__Your objective__.
In the data below, locate the line containing "Mugshot of MARVIN" and the line containing "Well Designed Double", then retype both and everything between them exactly. Pictures are not part of the copy.

__Exercise data__.
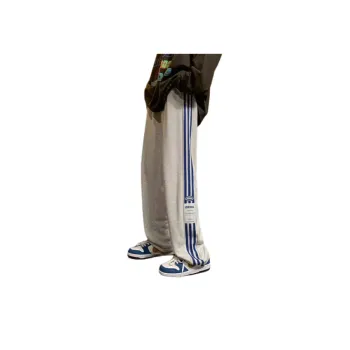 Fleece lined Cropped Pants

--

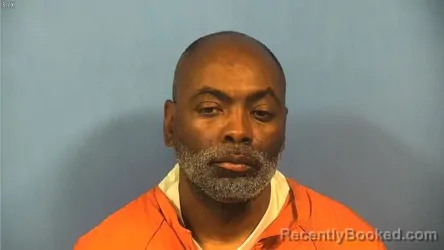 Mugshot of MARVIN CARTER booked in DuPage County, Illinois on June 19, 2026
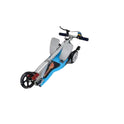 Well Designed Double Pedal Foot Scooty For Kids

==

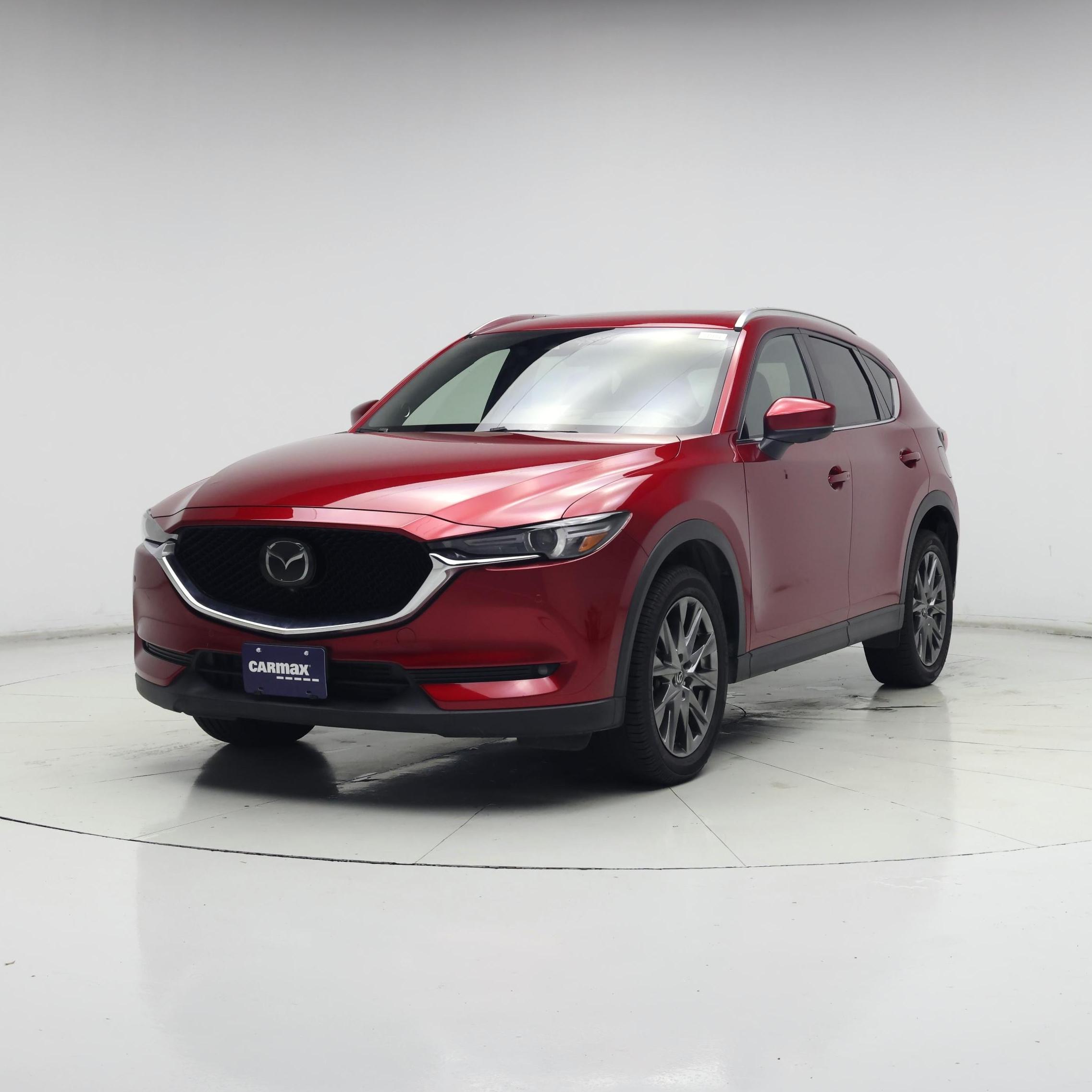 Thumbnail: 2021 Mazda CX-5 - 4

__Result for this exercise__.
 Mugshot of MARVIN CARTER booked in DuPage County, Illinois on June 19, 2026
 Well Designed Double Pedal Foot Scooty For Kids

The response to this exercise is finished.